Located a half hour drive north of downtown San Diego, the Del Mar Fairgrounds – a horse racing track and attendant environs – are given over every June to the San Diego County Fair. A cross between Glastonbury and the Royal Agricultural Show, the Fair's marquees house prize cattle and a petting zoo while a funfair sits at one end of the site, and a bewildering array of calorifically terrifying edibles are on sale at all points in between.
Musicians have a peripheral role. Small stages are scattered between the halls, marquees and booths, and some acts manage a decent audience of the foot-weary and the otherwise not entirely enthusiastic, encouraged to wile a while in front of them by the plentiful seating. The only stage of any size is located opposite the race course grand stand, and it's here that the Fair's bigger names play, one per day.
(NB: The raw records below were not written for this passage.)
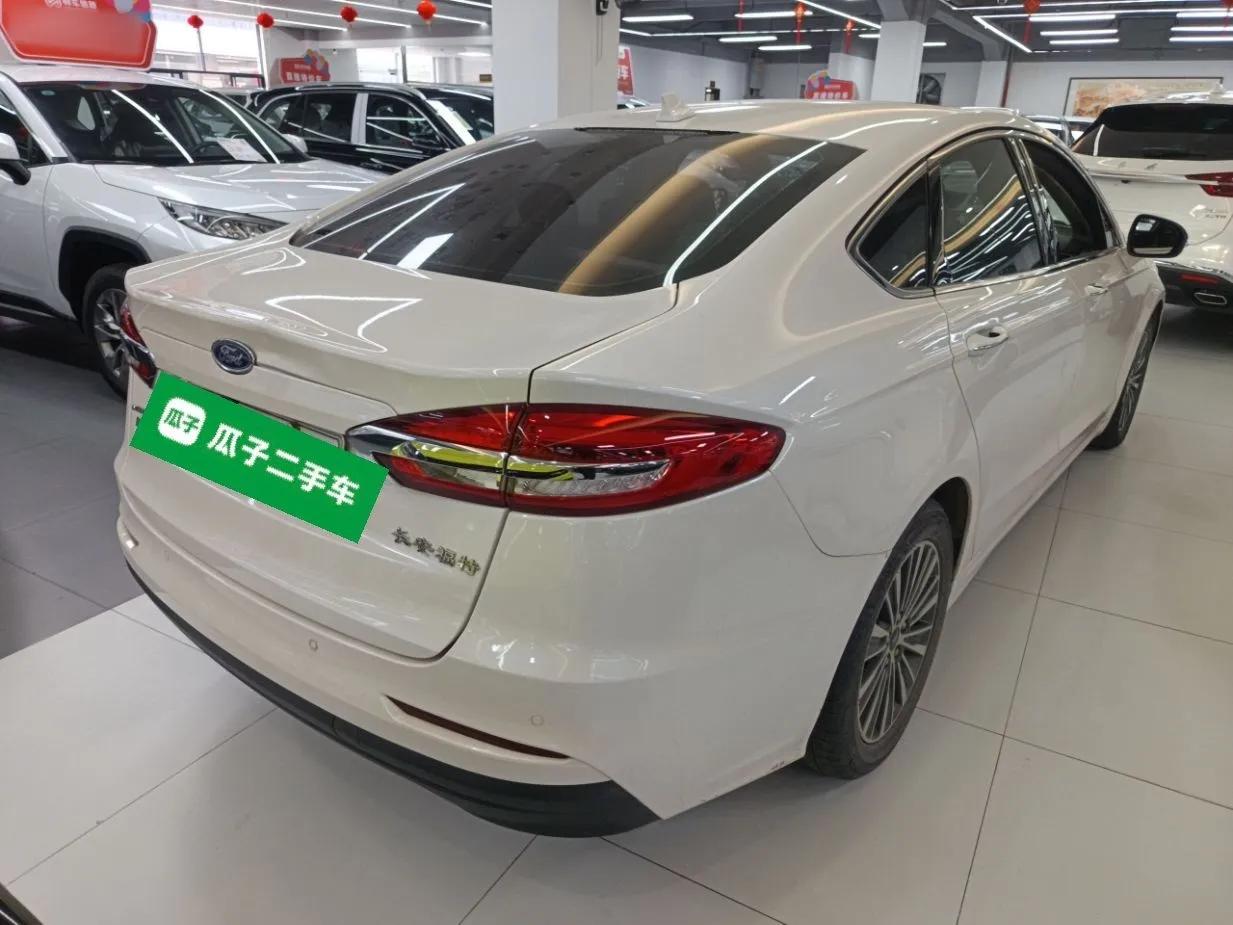 Ford Mondeo New Energy 2018 2.0 PHEV Smart-Control Luxury Version China VI Standard — миниатюра 4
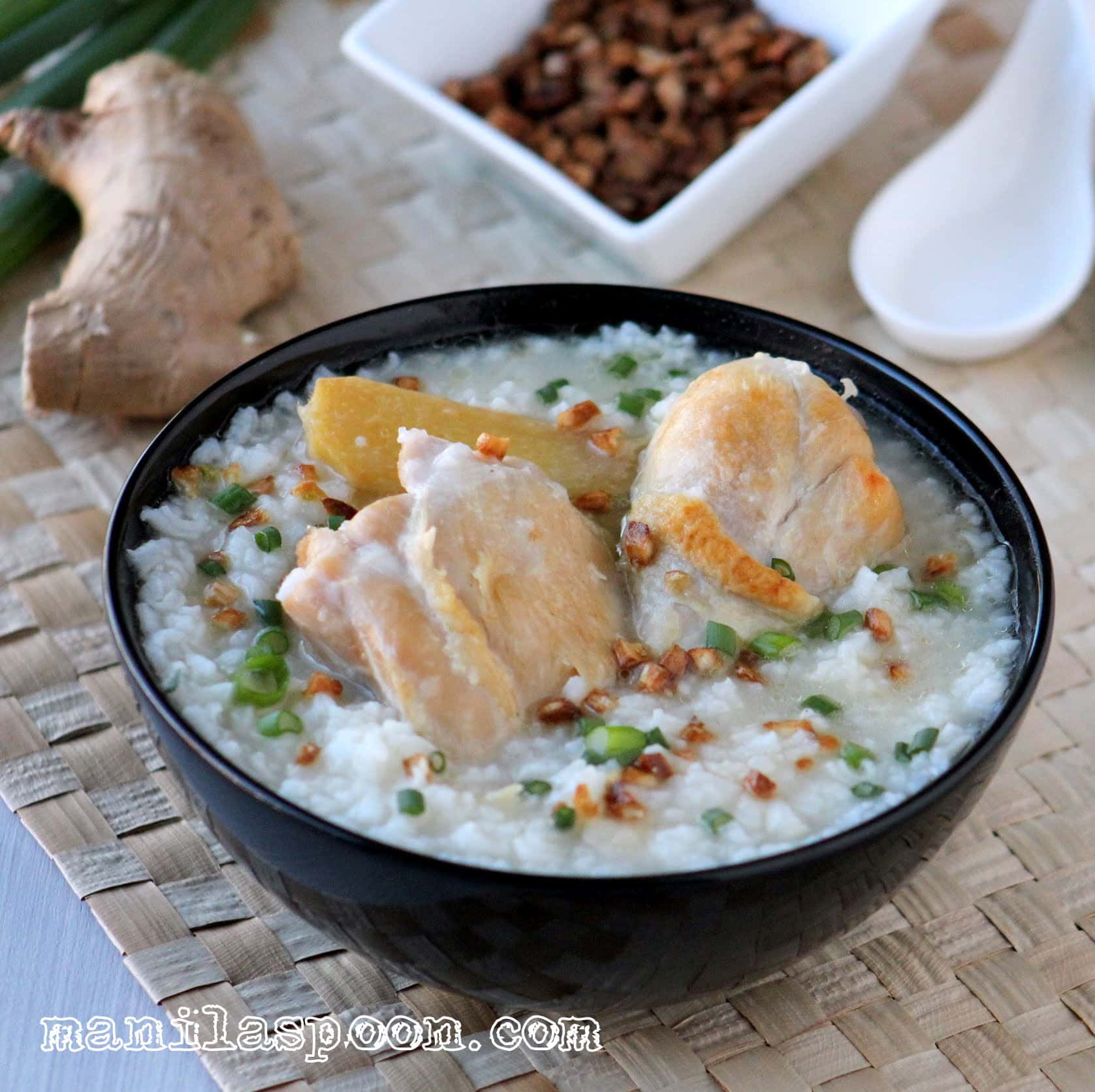 Arroz Caldo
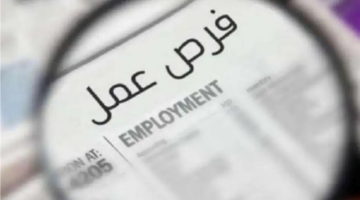 وزارة العمل تعلن عن وظائف متنوعة برواتب تصل إلى 11 ألف جنيه في المعادي
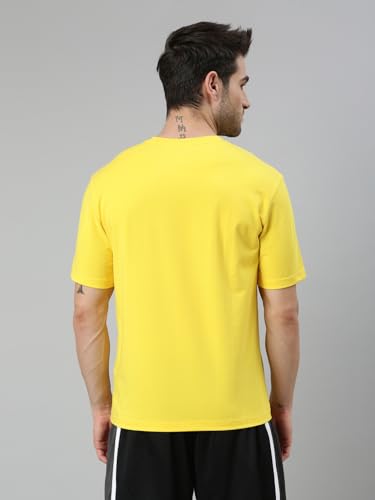 Image of XTEP PlayinBig Basketball Series, Basketball T-Shirts, Topwear, 100% Polyester, Basketball Inspired Style, Loose Fit, Basketbal Chest Print T-Shirt for Men (Multi Color Options)
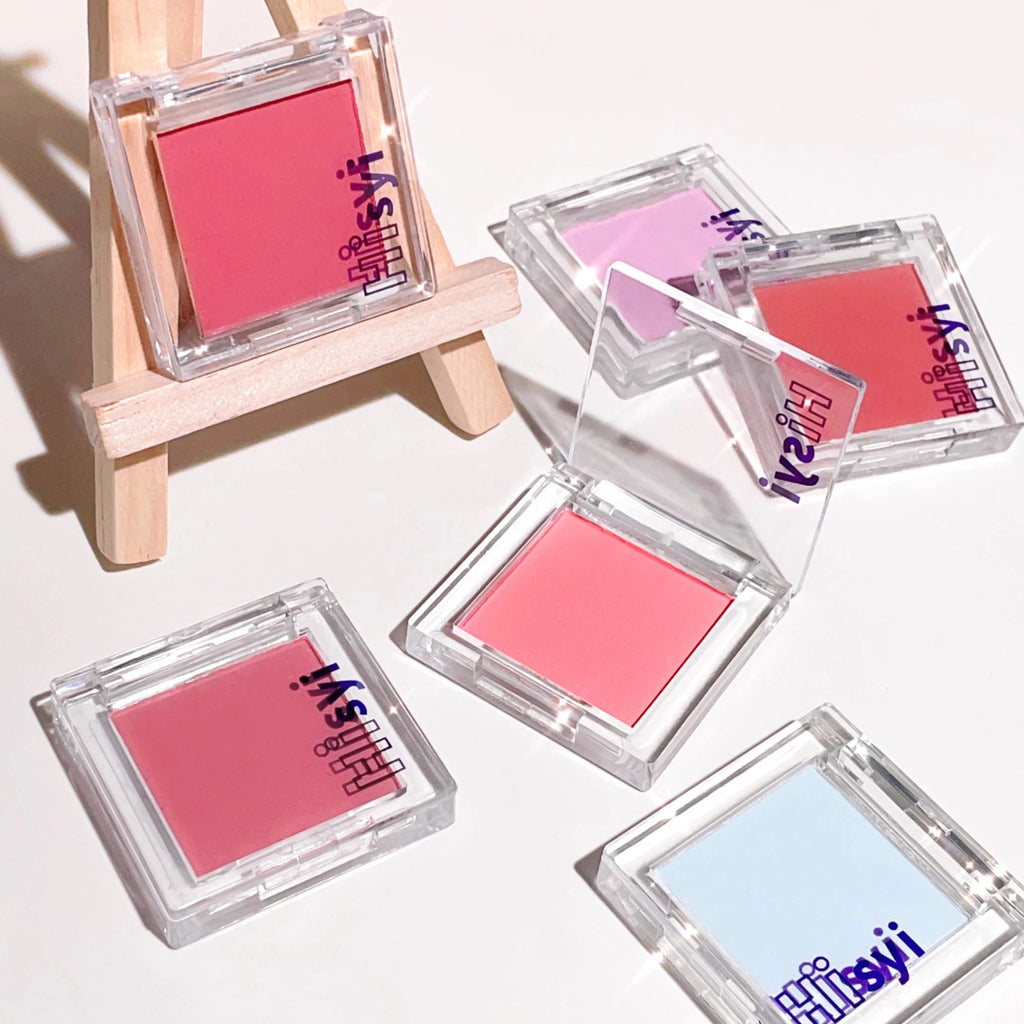 Brightening Matte Blush — Natural Youthful Glow in 6 Shades - Mzunye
Last week, Neil Sedaka was here, and tomorrow it's the turn of Ozomatli, all freebie extras for anyone who's stumped up the twelve bucks required to get in to the grounds.
Clearly this is a show Maroon 5 must have booked some time ago. "Songs About Jane", their debut album, has famously sold over a million copies in the US and spent over a year in the album chart on the back of the band's never-ending gigging, so they could hardly cancel just because they're too big to be here. But too big they are: extra security have had to be drafted in, and a video screen relays the action on stage for
an entire adjacent grandstand's worth of punters who would otherwise be craning their necks for the merest glimpse of the band.
And it's easy to see why. Not only are the "Songs About Jane" tracks ones that come into their own live, Maroon 5 are a band who come across best in front of an audience. Adam Levine seems genuinely touched by the massed ranks of faces seated in the grandstand and standing on the racetrack apron in front of the stage.
The majority female crowd squeal with delight when he removes his white cardigan top, but when he sings the U2-styled, and U2-sized new single "She Will Be Loved", it's clear it's not just his male model looks and physique that count: it's as if he's singing this song of determined love for "the girl with the broken smile" to each and every one of them.